Good afternoon ladies (and gents(if there are any out there)),

I just wanted to ask you all what makes the difference in your ability to not purge/restrict/binge etc?

This has been triggered by my first non-purged meal at home in many months. Previously, i had been thinking about the lies the ed has me believing:
1) I must purge if i am at home
2) I must purge at least once a day
3) I must eat out if i am to avoid purging
4) I cannot eat bread without purging
5) I feel fine so nothing is really wrong

The list goes on.

Basically, this afternoon, i was told that my potassium is super low and i think the doc was surprised i was still standing. Nothing looks good when i get my blood results but physically, i feel pretty fine if a little tired. Anyway, i was so freaked out by all the doctor was saying and the threat of having to go to hospital, i put to bed my purging plans for the day and decided i needed to do sthg for myself. So what made the difference for me today:

1) I had the living daylights scared out of me.
2) I told myself that it was fine to eat.
3) I prepared myself for eating and not purging. I did not recite a mantra or do any special yoga moves for this one: i just kept saying (does this count as a mantra?): it's only food. You are not eating lots, it will digest, you will not feel full forever. Sthg like that.
4) I ate alone without having the added stress of being wth family members who are watching my moves and inspecting my food. (this one has really been troubling me recently)
5) I made a plan for what i would have for lunch when i was on my way back home.
6) I planned what i would eat in the evening if i get hungry.

So, i just want to throw it out to you all: what makes the difference on days/in moments when you eat without resorting to behaviours?

Thanks for your eyes.

Sreb

xx

I have ED/OCD and for me for some reason i think i have more success not eating my routine meals if my family is home. I still have the thoughts but i'm able to block them out more.. sometimes it means just eating a little of what the family is having and then eating some of my safe foods, other times i can completely block the thoughts and eat the whole meal. But when i'm alone i just can't seem to get the thoughts to stop so i always eat my "healthy items" even if it is an inconvenience and i have to go out of my way to the store and get them.

When I'm eat out with friends or in public I eat as healthy as possible, and consume normal amounts of food.
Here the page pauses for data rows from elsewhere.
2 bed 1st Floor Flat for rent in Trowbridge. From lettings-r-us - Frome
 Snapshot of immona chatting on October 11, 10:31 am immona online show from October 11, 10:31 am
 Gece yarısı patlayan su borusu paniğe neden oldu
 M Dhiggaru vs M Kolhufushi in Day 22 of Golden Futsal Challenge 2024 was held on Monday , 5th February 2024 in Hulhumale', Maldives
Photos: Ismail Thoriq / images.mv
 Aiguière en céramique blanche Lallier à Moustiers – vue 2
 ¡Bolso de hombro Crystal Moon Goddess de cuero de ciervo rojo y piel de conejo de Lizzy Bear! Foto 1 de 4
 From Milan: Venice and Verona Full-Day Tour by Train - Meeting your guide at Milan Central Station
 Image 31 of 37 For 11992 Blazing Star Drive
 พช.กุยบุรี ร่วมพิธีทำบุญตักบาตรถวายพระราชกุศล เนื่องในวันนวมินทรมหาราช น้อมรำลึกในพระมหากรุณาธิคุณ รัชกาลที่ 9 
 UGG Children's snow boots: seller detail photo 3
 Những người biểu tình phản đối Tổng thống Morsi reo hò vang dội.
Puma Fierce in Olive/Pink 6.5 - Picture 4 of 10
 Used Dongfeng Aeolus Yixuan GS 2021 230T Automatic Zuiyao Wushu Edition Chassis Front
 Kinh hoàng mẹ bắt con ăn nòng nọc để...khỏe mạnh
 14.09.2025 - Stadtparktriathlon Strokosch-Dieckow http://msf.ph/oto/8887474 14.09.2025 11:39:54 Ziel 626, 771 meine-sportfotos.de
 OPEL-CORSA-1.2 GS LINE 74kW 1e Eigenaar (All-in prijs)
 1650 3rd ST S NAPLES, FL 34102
Its when I'm in the comfort of my own home where no one else will see but my parents that I allow myself to fall back into my pattern, because they might notice but they never say anything so subconsciously I feel like its ok to get away with it.

I come from a family of big eaters. They eat a lot and they don't usually care if its healthy or not. Although recently most everyone in my family has started to correct these habits, we were all raised to eat what and as much as we wanted.It all goes back to my grandparents being raised in big families where food was scarce and you ate what you got when you could. So that's how they raised their kids, and how their kids raised me and my cousins.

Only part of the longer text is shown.